Если пейзаж отличался неземной красотой, то города с их деревянными домами, крытыми рифленым железом, выглядели весьма уныло. По прямым улицам Рейкьявика беспрестанно гуляли страшные порывы сильного ветра. Как все иностранцы, мы жили там в отеле «Борг». Флажки на столах в ресторане указывали национальность клиентов.
Исландцы пили крепко: водку они способны были изготовить даже из гуталина. Основная работа полиции состояла в том, чтобы подбирать по ночам пьяниц в канавах. В субботу вечером в отеле «Борг» состоялся бал, и потом мужчин в смокингах с испачканными манишками блюстители порядка грузили в полицейские фургоны.
Мы побывали на приеме у французского посланника, это одно из немногих мест в мире, где в ту пору русские и американские официальные лица пили вместе. Я разговаривала по-английски с женой советского дипломата, на белокурой головке которой красовалась жардиньерка цветов. «Мне хотелось бы увидеть Париж», – призналась она. «А мне хотелось бы увидеть Москву». На том все и кончилось.

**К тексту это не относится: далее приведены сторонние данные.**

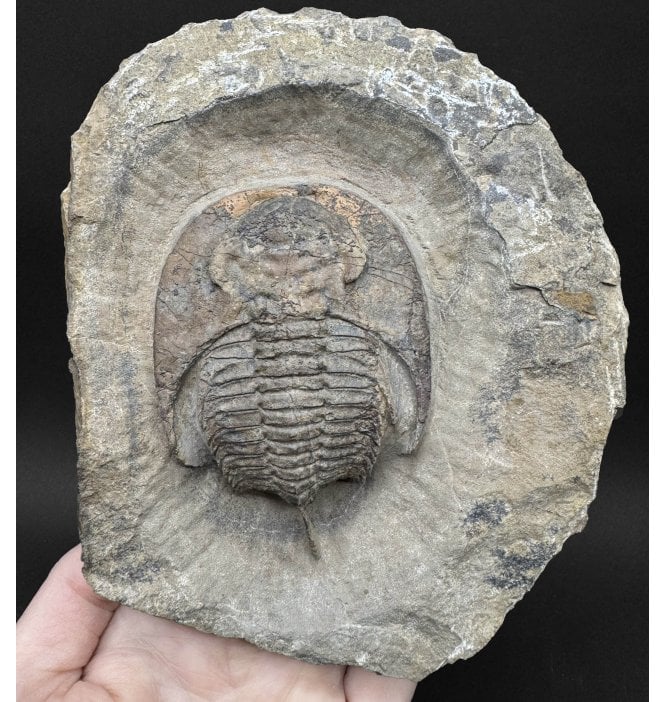 Rare Undescribed Species of Cambropallas Trilobite from the Lower Cambrian, Jorf Region, Morocco (SKU T1590):- Cambropallas cf. sp. indet.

Затем мы отправились в Эдинбург. Шотландия, которую мы осмотрели с парохода, от озера к озеру, от острова к острову, была прекрасна. На картах знаменитые места помечались либо двумя шпагами – битва, либо одной – побоище. Мы прогулялись по ландшафтам Вальтера Скотта, видели аббатство Мелроуз, но шотландская педантичность вывела нас из себя. Найти комнаты стоило большого труда, и там нельзя было работать: ни стола, ни настольной лампы. Сартр раскладывал свои бумаги на ночном столике или на коленях. Так же неукоснительно соблюдались часы приема пищи; однажды под дождем в десять часов утра мы дожидались парохода, и ни в одном отеле нельзя было получить ни кофе с молоком, ни кусок хлеба: для завтрака было слишком поздно, для ланча – слишком рано. Города выглядели на редкость уныло.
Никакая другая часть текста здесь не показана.